北上川と雫石川に挟まれ、北西には岩手山を抱く地形。この水と山の恵みが、滝沢の食卓を支えてきた。特に北上川は、この地域の生業と暮らしを長く潤してきた川だ。そうした背景の中で、滝沢から届く返礼品の主役は、新鮮な海鮮だ。
中トロの海鮮丼は、一人前の刺身盛り。中トロという、脂と赤身のバランスが取れた部位を、丼の具として届ける。届いた日の晩酌に、温かいご飯の上に乗せて、醤油をかけて食べる。冷蔵で届くので、開けてすぐに食べられる手軽さがある。一人分の量だからこそ、鮮度が落ちる前に食べ切れる。家族それぞれが好きなタイミングで、自分の丼を作る食べ方もできる。

季節の野菜と豚肉で、台所の日常を支える
滝沢の返礼品には、海の幸だけでなく、地元の農と畜産も並ぶ。滝沢まごころ野菜セットは、5~7品の季節野菜が詰まった箱だ。春は新玉ねぎ、夏はトマトやナス、秋は根菜へと、季節ごとに内容が変わる。毎週の買い物リストに「野菜は足りているか」と考える手間が、一度の寄付で数週間分軽くなる。冷蔵で届くので、すぐに冷蔵庫に入れて、その週の献立を組み立てる。

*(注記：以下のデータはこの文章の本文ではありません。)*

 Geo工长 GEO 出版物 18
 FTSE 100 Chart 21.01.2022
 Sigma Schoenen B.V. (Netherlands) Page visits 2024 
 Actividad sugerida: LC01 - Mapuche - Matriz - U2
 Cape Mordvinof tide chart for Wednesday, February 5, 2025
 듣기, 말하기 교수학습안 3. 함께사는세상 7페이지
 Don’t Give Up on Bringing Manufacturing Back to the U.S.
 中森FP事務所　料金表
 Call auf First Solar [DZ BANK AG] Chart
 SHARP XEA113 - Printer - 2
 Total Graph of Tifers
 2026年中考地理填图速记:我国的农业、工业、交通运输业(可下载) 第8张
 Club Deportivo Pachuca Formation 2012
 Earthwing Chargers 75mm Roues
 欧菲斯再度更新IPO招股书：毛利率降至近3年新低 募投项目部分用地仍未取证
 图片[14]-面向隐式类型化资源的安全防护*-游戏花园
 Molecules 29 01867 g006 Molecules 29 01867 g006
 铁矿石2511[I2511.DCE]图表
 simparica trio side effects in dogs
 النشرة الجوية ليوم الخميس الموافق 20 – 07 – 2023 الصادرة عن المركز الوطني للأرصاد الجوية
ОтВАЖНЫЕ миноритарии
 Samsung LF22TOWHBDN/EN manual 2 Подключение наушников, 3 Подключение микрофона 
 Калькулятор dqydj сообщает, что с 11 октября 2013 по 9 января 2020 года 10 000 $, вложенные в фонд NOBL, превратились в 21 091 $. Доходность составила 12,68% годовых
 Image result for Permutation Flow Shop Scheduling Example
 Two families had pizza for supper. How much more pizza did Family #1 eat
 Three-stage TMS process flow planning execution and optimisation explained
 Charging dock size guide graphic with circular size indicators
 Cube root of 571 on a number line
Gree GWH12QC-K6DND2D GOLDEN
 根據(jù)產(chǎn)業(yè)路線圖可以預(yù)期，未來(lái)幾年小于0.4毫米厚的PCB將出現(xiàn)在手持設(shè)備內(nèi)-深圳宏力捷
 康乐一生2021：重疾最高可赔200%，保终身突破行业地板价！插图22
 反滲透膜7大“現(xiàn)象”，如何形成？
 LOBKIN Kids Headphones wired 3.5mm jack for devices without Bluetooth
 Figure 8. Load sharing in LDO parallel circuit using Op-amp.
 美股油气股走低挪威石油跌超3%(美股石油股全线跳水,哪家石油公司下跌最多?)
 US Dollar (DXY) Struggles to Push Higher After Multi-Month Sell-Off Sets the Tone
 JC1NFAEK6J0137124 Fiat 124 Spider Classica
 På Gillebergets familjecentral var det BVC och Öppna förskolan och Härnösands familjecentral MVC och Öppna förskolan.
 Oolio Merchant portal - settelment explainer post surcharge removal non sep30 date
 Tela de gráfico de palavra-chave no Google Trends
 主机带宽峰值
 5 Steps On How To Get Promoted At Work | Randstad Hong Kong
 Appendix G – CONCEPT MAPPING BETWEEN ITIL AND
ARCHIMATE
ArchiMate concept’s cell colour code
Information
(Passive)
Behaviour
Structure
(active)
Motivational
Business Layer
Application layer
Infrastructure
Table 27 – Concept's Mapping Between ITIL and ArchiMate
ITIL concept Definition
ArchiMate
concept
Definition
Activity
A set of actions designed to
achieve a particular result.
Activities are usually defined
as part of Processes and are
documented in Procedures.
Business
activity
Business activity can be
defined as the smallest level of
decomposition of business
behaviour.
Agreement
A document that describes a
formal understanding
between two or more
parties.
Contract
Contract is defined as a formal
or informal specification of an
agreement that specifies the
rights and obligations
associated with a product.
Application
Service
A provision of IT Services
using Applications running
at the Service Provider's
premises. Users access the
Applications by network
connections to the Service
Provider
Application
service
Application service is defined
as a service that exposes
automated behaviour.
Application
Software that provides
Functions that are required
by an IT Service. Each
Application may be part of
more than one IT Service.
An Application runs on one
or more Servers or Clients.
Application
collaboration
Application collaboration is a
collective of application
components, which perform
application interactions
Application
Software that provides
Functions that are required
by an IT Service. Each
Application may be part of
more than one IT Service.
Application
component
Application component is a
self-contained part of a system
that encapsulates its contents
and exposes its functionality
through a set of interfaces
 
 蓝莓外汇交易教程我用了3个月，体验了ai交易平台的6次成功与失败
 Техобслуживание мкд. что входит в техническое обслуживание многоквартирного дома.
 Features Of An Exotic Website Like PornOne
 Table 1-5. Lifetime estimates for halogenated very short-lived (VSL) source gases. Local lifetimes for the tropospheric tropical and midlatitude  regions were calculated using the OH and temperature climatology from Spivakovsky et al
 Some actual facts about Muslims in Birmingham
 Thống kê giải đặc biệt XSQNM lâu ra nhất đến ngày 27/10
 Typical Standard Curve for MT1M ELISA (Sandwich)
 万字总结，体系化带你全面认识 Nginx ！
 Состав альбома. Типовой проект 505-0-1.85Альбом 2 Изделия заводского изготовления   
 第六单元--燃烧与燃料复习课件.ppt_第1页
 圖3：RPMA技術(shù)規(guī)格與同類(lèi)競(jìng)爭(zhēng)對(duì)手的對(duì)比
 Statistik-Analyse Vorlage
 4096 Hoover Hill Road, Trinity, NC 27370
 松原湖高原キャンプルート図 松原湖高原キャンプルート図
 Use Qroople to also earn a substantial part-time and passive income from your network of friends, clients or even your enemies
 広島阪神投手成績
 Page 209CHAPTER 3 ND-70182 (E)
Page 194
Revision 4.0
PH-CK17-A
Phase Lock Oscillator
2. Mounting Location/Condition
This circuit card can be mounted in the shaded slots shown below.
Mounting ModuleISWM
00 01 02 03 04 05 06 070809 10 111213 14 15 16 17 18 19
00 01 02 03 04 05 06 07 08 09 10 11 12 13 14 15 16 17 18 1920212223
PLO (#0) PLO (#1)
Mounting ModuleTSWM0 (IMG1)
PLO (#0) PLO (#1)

四元豚のバラとロースは、合わせて1キロ。バラスライスは炒め物や鍋に、ローススライスはしゃぶしゃぶや焼肉に。同じ豚肉でも部位が異なるので、一度の返礼で複数の調理法が試せる。冷凍で届くため、使いたい時に解凍して、台所の常備肉として機能する。

盛岡のベッドタウンという立地は、都市の利便性と農村の食材の両立を可能にしてきた。滝沢の返礼品は、そうした町の位置づけを、食卓の上に映す。